How will new advanced information technologies impact work? This is a major focus of public debate right now, driven by widespread fears that automation will soon leave tens of millions unemployed. But debate so far has tended to neglect the relationship among technological innovation, political economy, and the law of work. This is a major omission, since the automation of particular tasks doesn’t just happen. Rather, it takes place under laws that are subject to democratic oversight and revision – and with different laws, we could encourage a radically different path of technological development, one in which workers have a real voice, and in which they share consistently in technology-driven productivity gains.

Take two upcoming transformations that we’re all familiar with: the automation of some kinds of driving and some kinds of fast-food work. Within a few years, truckers, delivery drivers, and taxi drivers may be able to use an autonomous mode consistently on highways. Later on, they may be able to do so on major suburban and rural streets. But given the wide variation in road quality, humans will likely need to pilot vehicles in residential areas and on city streets for some time to come. And given the wide variation in building structures that delivery robots would need to navigate, humans will almost certainly need to complete deliveries in many instances.

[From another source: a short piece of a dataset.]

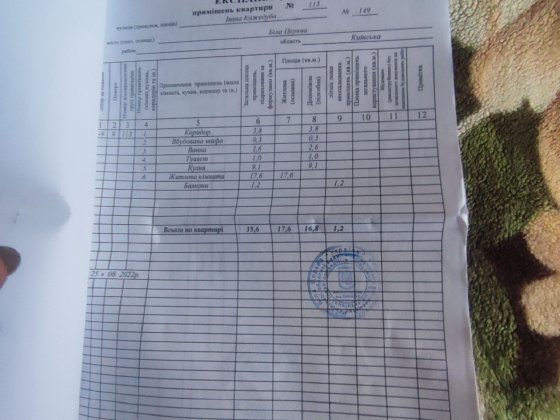 Продам квартиру м.Біла Церква.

Similarly, in fast food, ordering kiosks are already displacing cashiers, but not in their entirety. Some customers are unable to use the kiosks, including the 70% of McDonalds customers who use the drive-through. Sometimes the kiosks will break down, and sometimes orders won’t be processed appropriately, and thus workers will need to step in. Food preparation may also be automated in part, but given the fine motor control and tacit knowledge required for cooking, it has proven resistant to full automation. Like the transformation in driving, then, this change will likely be gradual and iterative. Technology will augment human capabilities rather than replacing humans wholesale, and workers, companies, and consumers will need to adapt over time.